On 6 April 2017, the much-vaunted Insolvency (England & Wales) Rules 2016 come into force. This is arguably the single biggest overhaul of insolvency procedure seen in this jurisdiction in the 30 years since the Insolvency Act 1986 and the Insolvency Rules 1986 came into being.

The rules aim to modernise, consolidate, and streamline insolvency procedure, and by doing so reduce the costs of administration of insolvent estates – both personal and corporate – in order to maximise returns to creditors.

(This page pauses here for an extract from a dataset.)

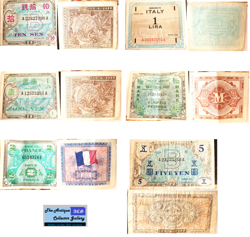 VINTAGE 1943-45? WW2 US MILITARY PAYMENT CERTIFICATES?MPC?AS DEPICTED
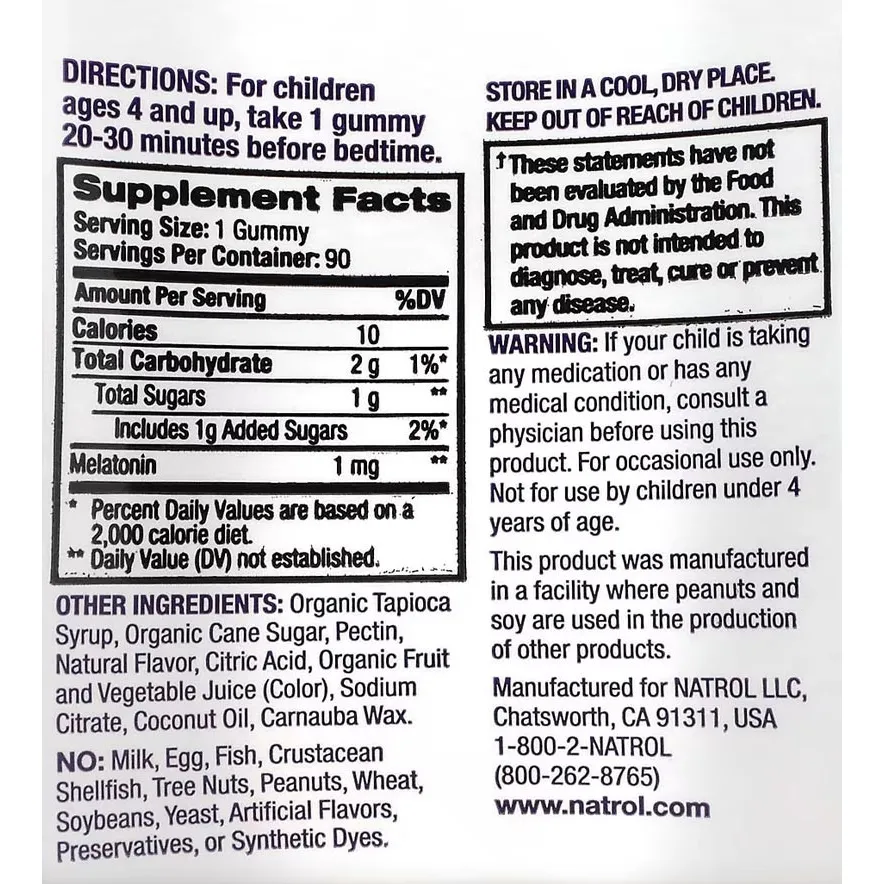 Natrol Kids Melatonin Berry Gummies (90 Gummies, Berry) – Kuva 3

Some of the changes are purely formal in nature, and are aimed at couching the rules in more modern, user-friendly language: in the interests of gender neutrality ‘chairman’ simply becomes ‘chair’; reliance on the Interpretation Act 1978 means that words in the singular are taken to include the plural; and to ensure consistency and clarity of language ‘must’ replaces ‘shall’ and ‘deliver’ replaces ‘send’ (although, for the avoidance of doubt ‘service’ remains a separate consideration reserved for the most formal of documents). The aim here is that the new rules should be easier to use and understand, with less ambiguity and consequently less room for misinterpretation. In pursuit of the same aim, new Common Parts will be introduced covering such rules as apply to multiple insolvency procedures, reducing repetition.

The revised Rules as a whole make an effort to embrace technological advances – electronic filing and service of documents is adopted, and a party is deemed to consent to the use email as a means of valid service in any situation where email has customarily been used between sender and recipient. There is even provision for good service of notices required to be served by an office-holder (Trustee in Bankruptcy, Administrator, Liquidator, etc) by notifying the recipient that the document is to be made available for viewing and downloading on a website, and providing details of the website address and leaving it up for viewing and downloading for a prescribed period.

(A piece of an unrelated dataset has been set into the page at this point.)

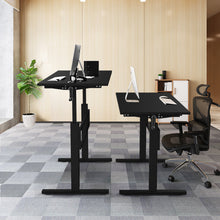 Load image into Gallery viewer, Gymax Standing Desk Height Adjustable Sit to Stand Workstation w/Crank Handle Black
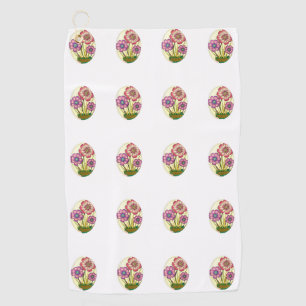 Golf Towel Floral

However, it is anticipated that the changes likely to have the greatest practical impact will be in the new Part 15, which deals with ‘Decision Making’ across all forms of insolvency, and provides for the use of electronic voting and ‘virtual’ meetings. Actual, physical meetings of creditors, which are all too often poorly-attended, despite the significant costs which can be incurred in convening and hosting them – will only need to be held in limited circumstances. The aim here is to reduce the costs of administering the estate, but these changes may also increase the level of engagement by often disinterested creditors resigned to getting little or nothing by way of distribution.

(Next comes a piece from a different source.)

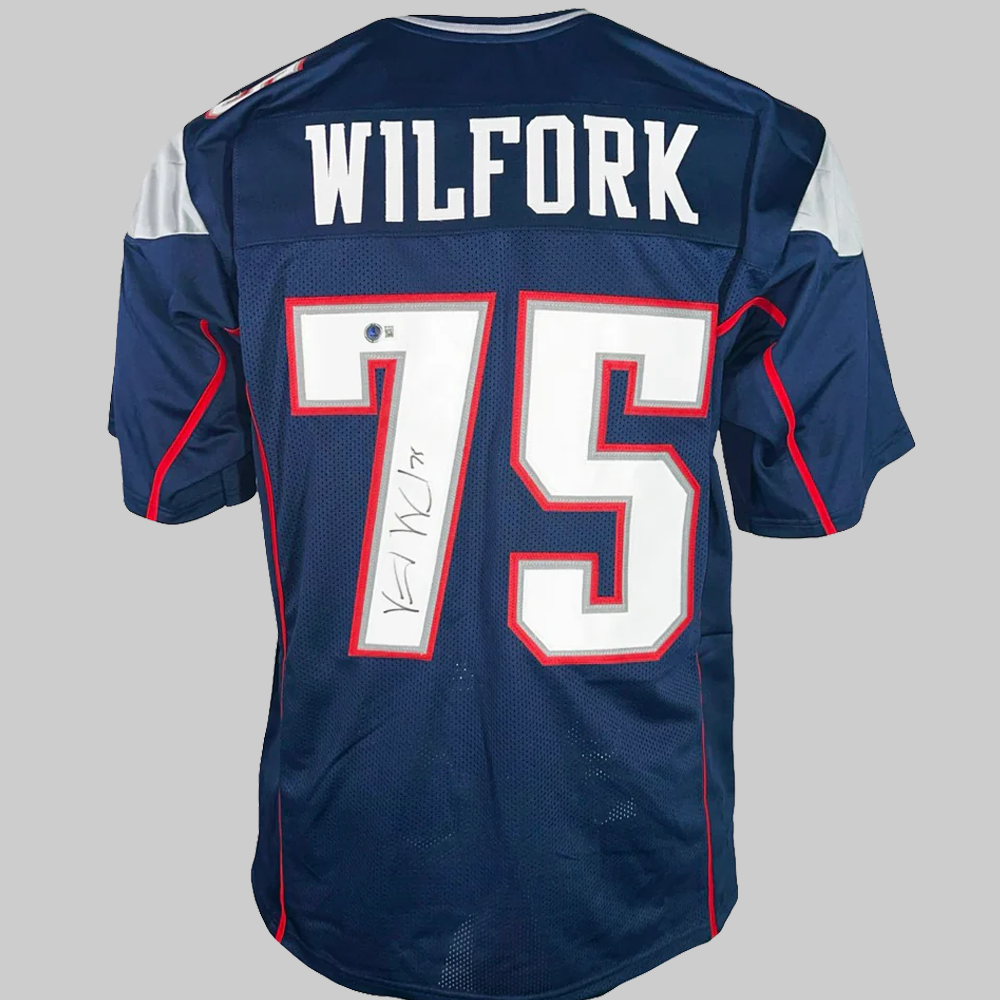 Vince Wilfork Signed New England Navy Football Jersey 2025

The primary insolvency legislation is, to the writer’s knowledge, broadly unchanged, but the way in which that legislation is implemented and the procedures followed in giving the legislation effect are set to undergo significant change in a matter of a couple of weeks. Whether the transition will be a smooth one remains to be seen, but hopefully the changes to the rules will pay dividends in future, both in the literal and metaphorical sense.